L’ex giornalista del Tg4, che da tempo ha intrapreso una vita all’insegna della devozione per la religione, si è rivolto così al marito di Rosa Caracciolo, pseudonimo di Rózsa Tassi: “Non condivido la commercializzazione del corpo di un uomo o una donna. Si detesta il peccato, mai il peccatore. Secondo me lui deve cambiare vita. Devi chiedere aiuto a Dio per smettere”.
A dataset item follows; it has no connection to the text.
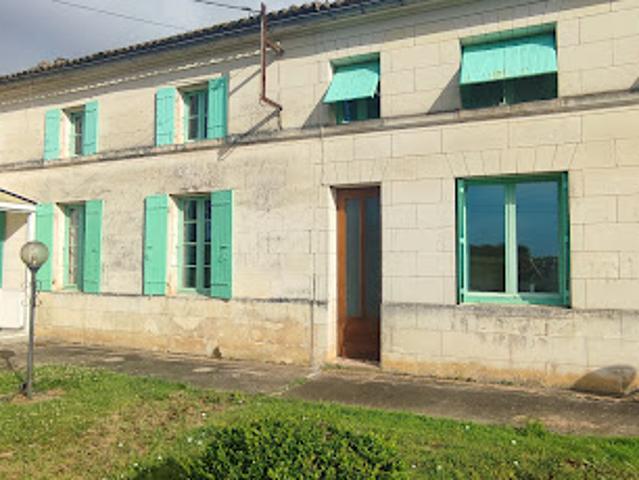 Maison vente à Saintes, Rioux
Il regista e produttore cinematografico Siffredi ha replicato: “Non sai quante volte ci ho provato ma è più forte di me”. La moglie Rosa ha aggiunto: “Lui con me è dolce e carino, è una persona eccezionale. Preferisco uno come Rocco piuttosto uno che stia con me ma non so dove sia il resto del tempo. Quello che Rocco fa con Malena sul set fa parte della natura”. L’attore e regista Rocco Siffredi ha poi sottolineato: “Quello che faccio sul lavoro deve essere così, fatto in un certo modo, a casa è diverso e mia moglie può confermare…”.

L’ex concorrente spagnola del Grande Fratello, Aida Nizar, ha sottolineato che Rocco è telecomandato.

Durante l’ultima puntata di Live si è tornati a parlare di Moana Pozzi e Siffredi ha asserito: “A parte la prostituta, la squillo, Moana era una donna fantastica, ma non era una po***star vera. Moana 30 anni fa ha liberalizzato noi, dobbiamo dirle grazie!”.